If you have read both I'd love to know what you think. I felt so disappointed that this book didn't meet my expectations. That's the danger of sequels I guess.
Lean In by Sheryl Sandberg
I wish this book had have been available to me fifteen years ago.
Sheryl Sandberg was an executive at Google during it's formative years and she is now COO of Facebook. Her incredible career is inspiration in itself but her book focusses on women in the workplace, women in leadership and why only a small percentage of women make it to the top of their profession. There is a variety of different topics she covers, and her TED Talk from 2010 (definitely worth watching) is a good overview of the main themes in the book.
Lean In has probably been the most motivational text I've read in many years. It may not be the same for others but I think this book came along at a time when I really needed it. It has altered my approach towards my work and my business, towards my attitude about motherhood and towards my goals for the future.
When my daughters finish school and look towards their careers I will hand them this book. I have also recommended it to my sister and a number of my friends. But most importantly I've given it to my husband and he has started reading it. The leadership themes will be helpful for him in his career, but also it is helpful for men to understand some of the issues women face and the choices that they make about their careers and their family.
A couple of things have stuck in my mind. The phrase "What would you do if you weren't afraid?". And also the idea of work / life balance. Women are always asked about their work / life balance. Men are never asked. It is expected that they lead fulfilling work lives and have active and interesting social outlets and family time.
It struck a huge chord with me so check it out.
Once In A Lifetime by Cathy Kelly
Ahhh Cathy. Her books are formulaic...three or four women from Ireland whose lives intertwine and by the end they are all best friends. It's always the same BUT her books are the ultimate in comfort reading. Perfect for winter evenings, beach reading or just when you want to binge read something that's not too heavy. Traditional chick lit at it's best. I'm only about four chapters into this one so far and the shenanigans are centring around the goings on at an upmarket department store. Such an easy and enjoyable read. If you like Marian Keyes, Cathy Kelly would be another author you'd like. And best part - she has a huge number of novels to keep you occupied and you'll get all her titles at your local library.
I'll give you a proper run down on this one in the next reading post.

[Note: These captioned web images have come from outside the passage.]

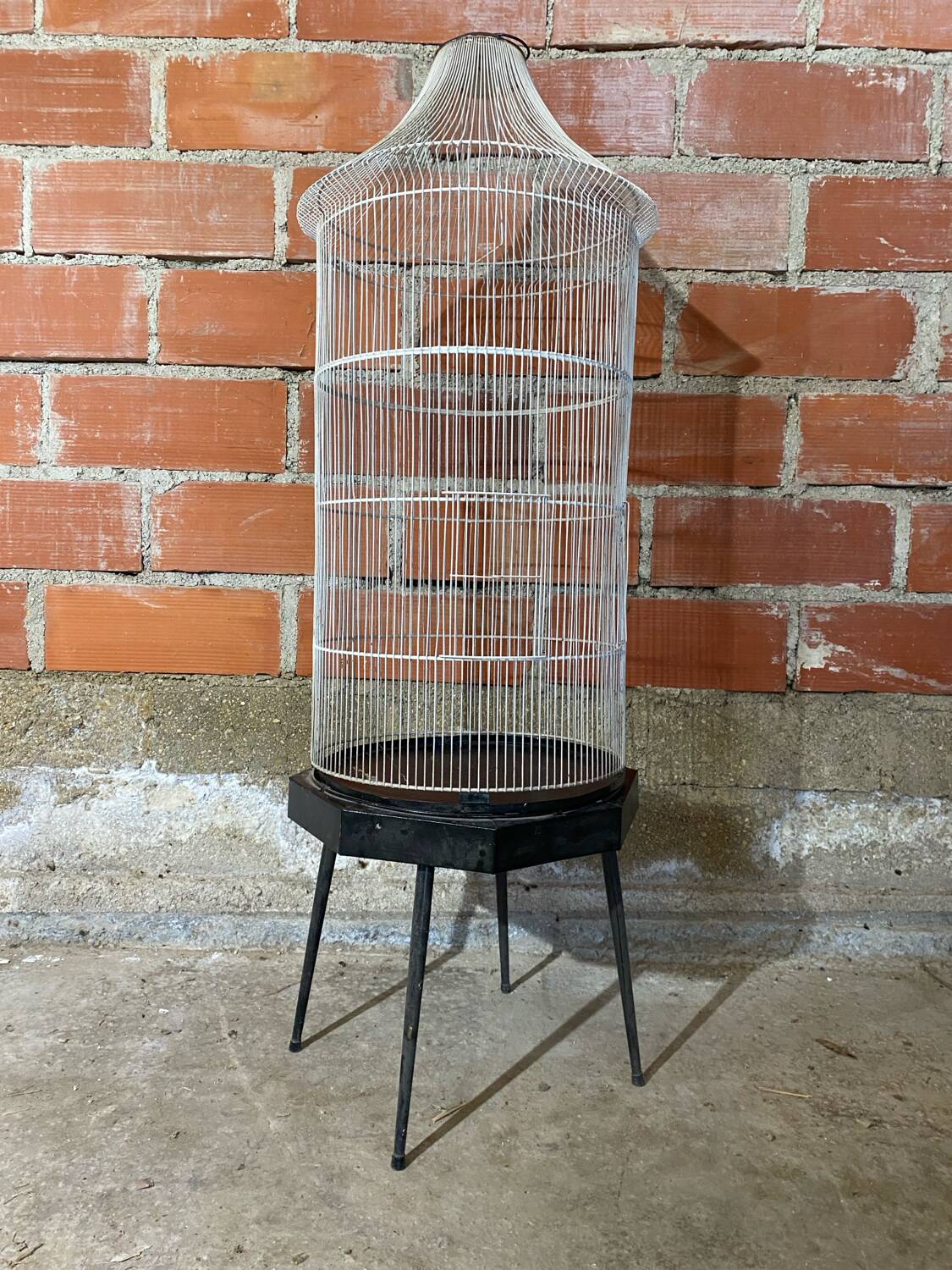 Antique black & white metal bird cage on vintage decorative legs
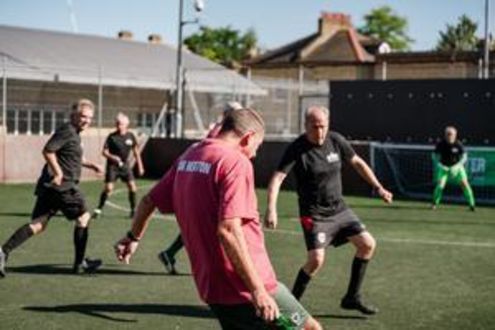 people playing walking football people playing walking football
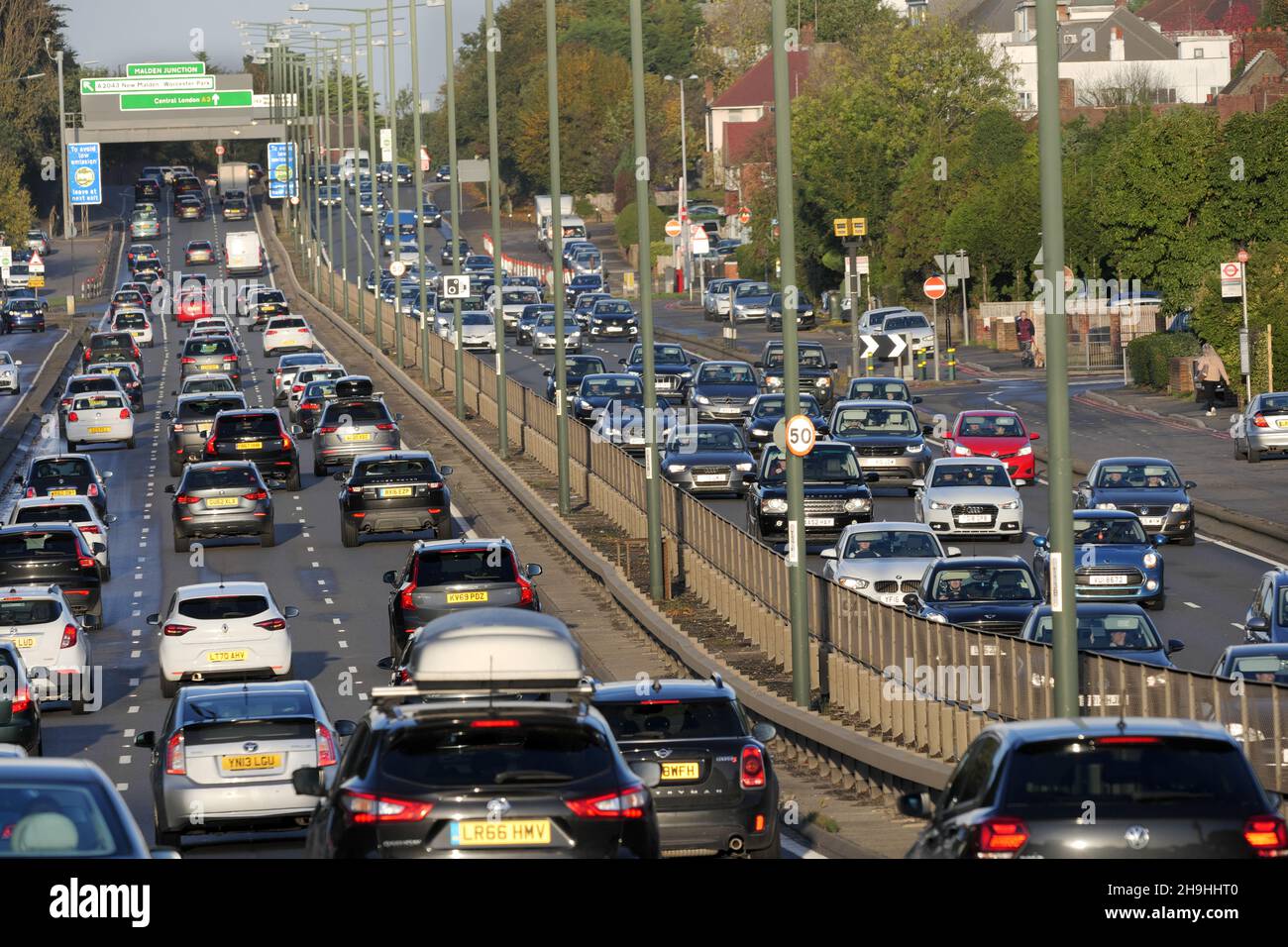 Heavy traffic on a busy stretch of the A3 Trunk Road in South West London on a bright winters afternoon. Stock Photo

A Dance of Dragons by George RR Martin
I. just. can't. keep. going.
I've read all the other novels in the Game Of Thrones / A Song of Ice and Fire series. And while they are brilliant, they desensitise me. Every novel I read immediately after seems tame and boring in comparison to the violence, death and high drama of Westeros.
When I was reading these books, I'd have a moment like reading Where is The Green Sheep to my kids. And in my mind I'll be thinking "That Green Sheep was probably killed by The Hound." Disturbing, right?
This book has been on my night stand for almost a year and I think it's time to relegate it to the bookshelf until I'm ready to go back. I'm almost reluctant to finish it as that will see me complete the series thus far (apparently GRRM has the next two planned and ready, but no publishing date has been set and he ain't getting any younger.)
The only problem is I know it's good. I love the writing, I love the world of Westeros and I love the variance and personalities of all the characters. Good and bad. I love that GRRM doesn't do the popular thing...any character could die at anytime. And while the TV series is brilliant, there is so much detail in the books that they haven't been able to include in the show.
I might come back to this one next summer.
The Girl on the Train by Paula Hawkins
On the nightstand in the queue is The Girl on the Train. Currently a best seller and lots of hype. I don't tend to go for thriller / mysteries these days but the blurb sounded good. I'll let you know how I like it.
So what are you reading right now? Traditional book or Kindle? Should I add it to my list?